Michigan in 2016 declared its Lake Erie waters to be impaired under the Clean Water Act, but the state of Ohio so far has declined to do so — although the U.S. EPA in January ordered the state EPA to provide additional information about Lake Erie’s exclusion from its 2016 list of Ohio’s impaired waterways.

The federal EPA’s reluctance to make such a declaration of its own in response to Lake Erie’s recurring algal blooms is the subject of an ongoing federal lawsuit.

The Environmental Law and Policy Center and Advocates for a Clean Lake Erie suit seeks an order directing the federal agency to declare western Lake Erie to be impaired.

Among the most effective measures the new U.S. Environmental Protection Agency plan cites — because it has the added benefit of reducing farmers’ operating expenses — is more careful use of fertilizer to target land low in plant nutrients.
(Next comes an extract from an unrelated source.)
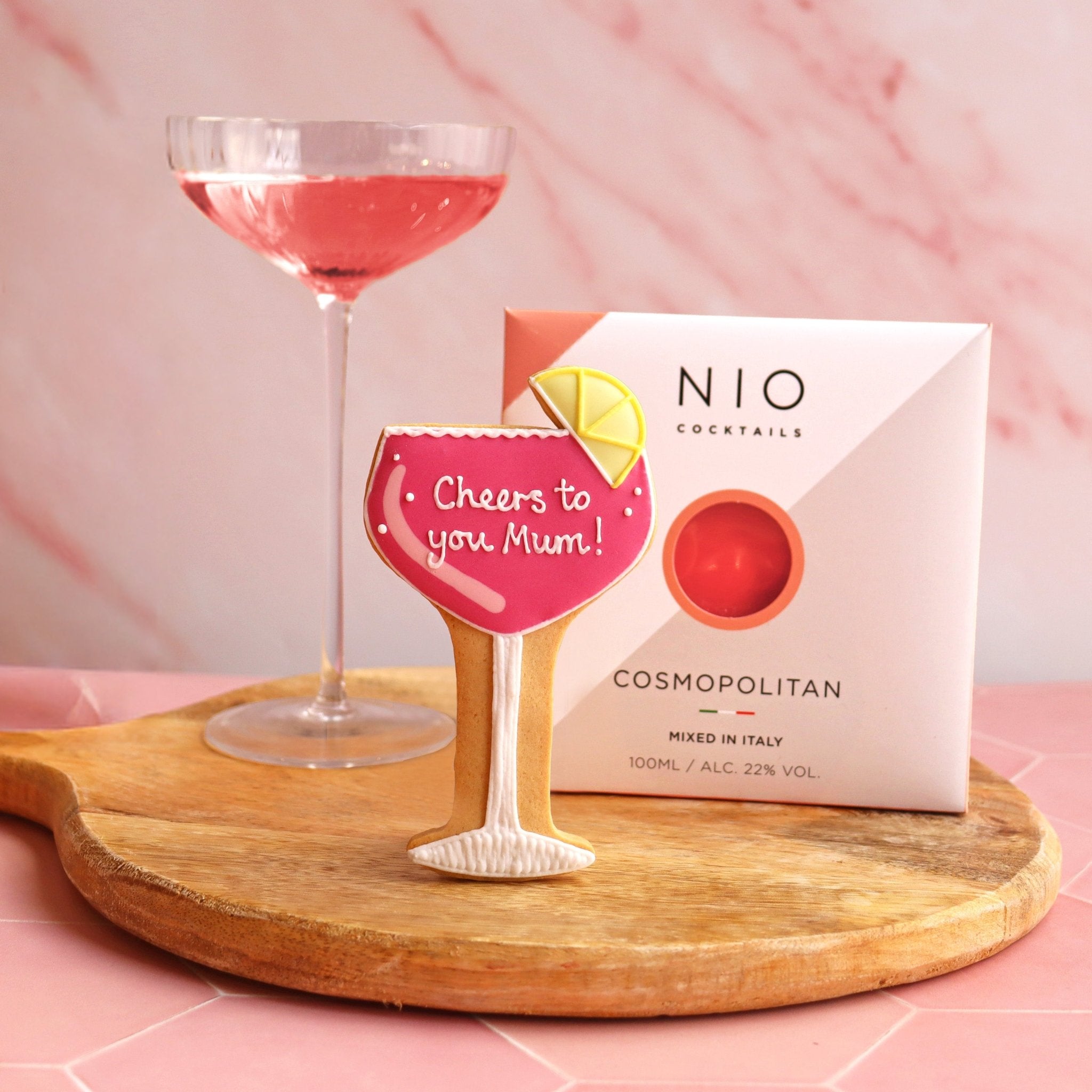 Cosmo Anyone? Mini Gift Box - Biscuiteers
The plan also addresses, among other things, the use of “cover crops” to extract phosphorus from soil between cash-crop plantings and installation of filtering systems in field tile to extract dissolved phosphorus before drained water dumps into ditches and streams.

The report, released Wednesday, “basically verifies what we’ve known for a long time” about phosphorus-reduction methods, said Joe Cornely, a spokesman for the Ohio Farm Bureau Federation.

“We want to do our part to clean up farm-nutrient runoff,” he said. “At the same time, we don’t know for sure what works. There is no ‘Flip the switch and this will make the problem better.’”

U.S. District Judge James Carr heard oral arguments in the related court case for three hours Tuesday. Outside the court, a handful of activists gathered in a picket line.

On Wednesday, ACLE spokesman Mike Ferner said the parties had been informed by the judge’s clerk that a ruling is likely in about a week.